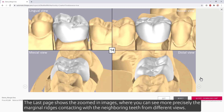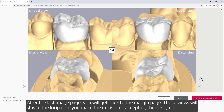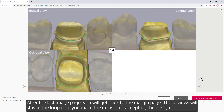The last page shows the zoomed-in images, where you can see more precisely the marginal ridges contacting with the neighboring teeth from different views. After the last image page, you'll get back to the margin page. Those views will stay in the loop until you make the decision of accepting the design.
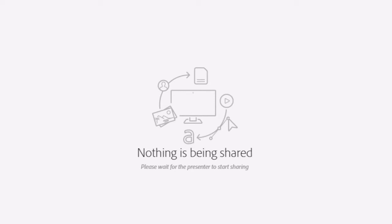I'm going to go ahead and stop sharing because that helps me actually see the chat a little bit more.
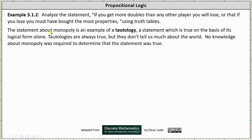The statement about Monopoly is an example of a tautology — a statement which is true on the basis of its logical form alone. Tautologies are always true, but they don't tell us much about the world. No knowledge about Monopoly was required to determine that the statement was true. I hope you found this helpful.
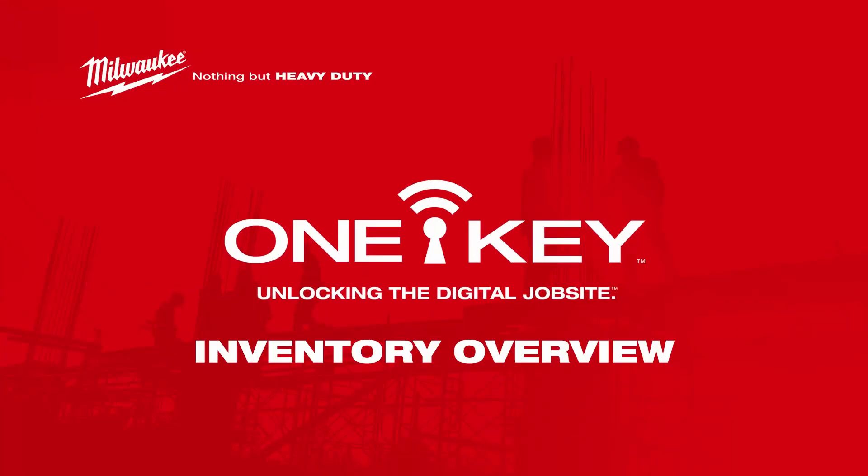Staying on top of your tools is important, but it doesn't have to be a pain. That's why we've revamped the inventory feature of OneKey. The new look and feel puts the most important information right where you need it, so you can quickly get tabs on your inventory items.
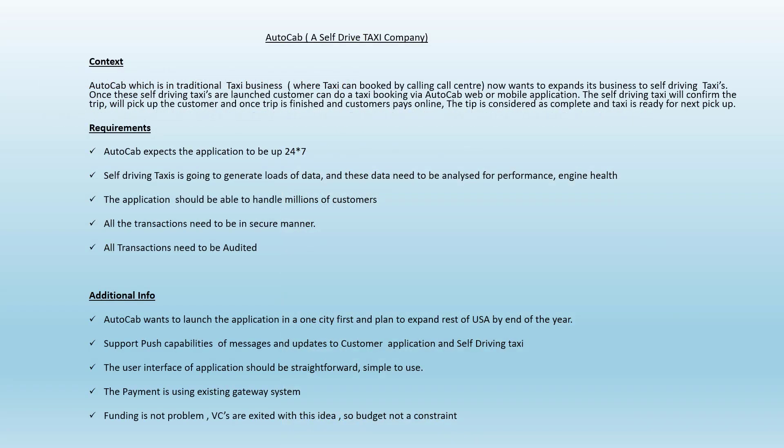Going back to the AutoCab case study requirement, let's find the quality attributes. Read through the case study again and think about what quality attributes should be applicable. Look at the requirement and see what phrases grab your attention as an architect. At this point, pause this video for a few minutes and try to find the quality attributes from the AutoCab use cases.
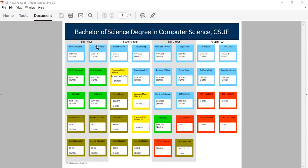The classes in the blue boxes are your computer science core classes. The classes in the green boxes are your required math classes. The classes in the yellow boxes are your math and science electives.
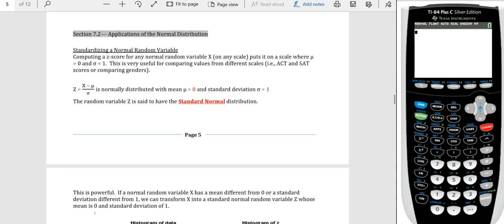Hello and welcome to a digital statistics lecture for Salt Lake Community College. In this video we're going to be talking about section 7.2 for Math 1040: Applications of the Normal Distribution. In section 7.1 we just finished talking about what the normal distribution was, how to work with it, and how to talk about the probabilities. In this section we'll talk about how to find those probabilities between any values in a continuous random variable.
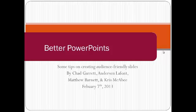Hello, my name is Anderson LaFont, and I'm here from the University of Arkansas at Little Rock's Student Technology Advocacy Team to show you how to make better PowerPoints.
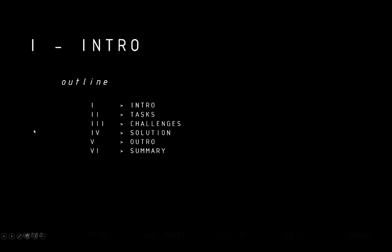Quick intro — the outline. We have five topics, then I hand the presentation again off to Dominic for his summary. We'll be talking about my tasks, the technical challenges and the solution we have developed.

★ ★ ★ ★ ★

[What this task involves]
Output every record above verbatim, excluding images.

[Solution to the problem]
The last page shows the zoomed-in images, where you can see more precisely the marginal ridges contacting with the neighboring teeth from different views. After the last image page, you'll get back to the margin page. Those views will stay in the loop until you make the decision of accepting the design.
I'm going to go ahead and stop sharing because that helps me actually see the chat a little bit more.
The statement about Monopoly is an example of a tautology — a statement which is true on the basis of its logical form alone. Tautologies are always true, but they don't tell us much about the world. No knowledge about Monopoly was required to determine that the statement was true. I hope you found this helpful.
Staying on top of your tools is important, but it doesn't have to be a pain. That's why we've revamped the inventory feature of OneKey. The new look and feel puts the most important information right where you need it, so you can quickly get tabs on your inventory items.
Going back to the AutoCab case study requirement, let's find the quality attributes. Read through the case study again and think about what quality attributes should be applicable. Look at the requirement and see what phrases grab your attention as an architect. At this point, pause this video for a few minutes and try to find the quality attributes from the AutoCab use cases.
The classes in the blue boxes are your computer science core classes. The classes in the green boxes are your required math classes. The classes in the yellow boxes are your math and science electives.
Hello and welcome to a digital statistics lecture for Salt Lake Community College. In this video we're going to be talking about section 7.2 for Math 1040: Applications of the Normal Distribution. In section 7.1 we just finished talking about what the normal distribution was, how to work with it, and how to talk about the probabilities. In this section we'll talk about how to find those probabilities between any values in a continuous random variable.
Hello, my name is Anderson LaFont, and I'm here from the University of Arkansas at Little Rock's Student Technology Advocacy Team to show you how to make better PowerPoints.
Quick intro — the outline. We have five topics, then I hand the presentation again off to Dominic for his summary. We'll be talking about my tasks, the technical challenges and the solution we have developed.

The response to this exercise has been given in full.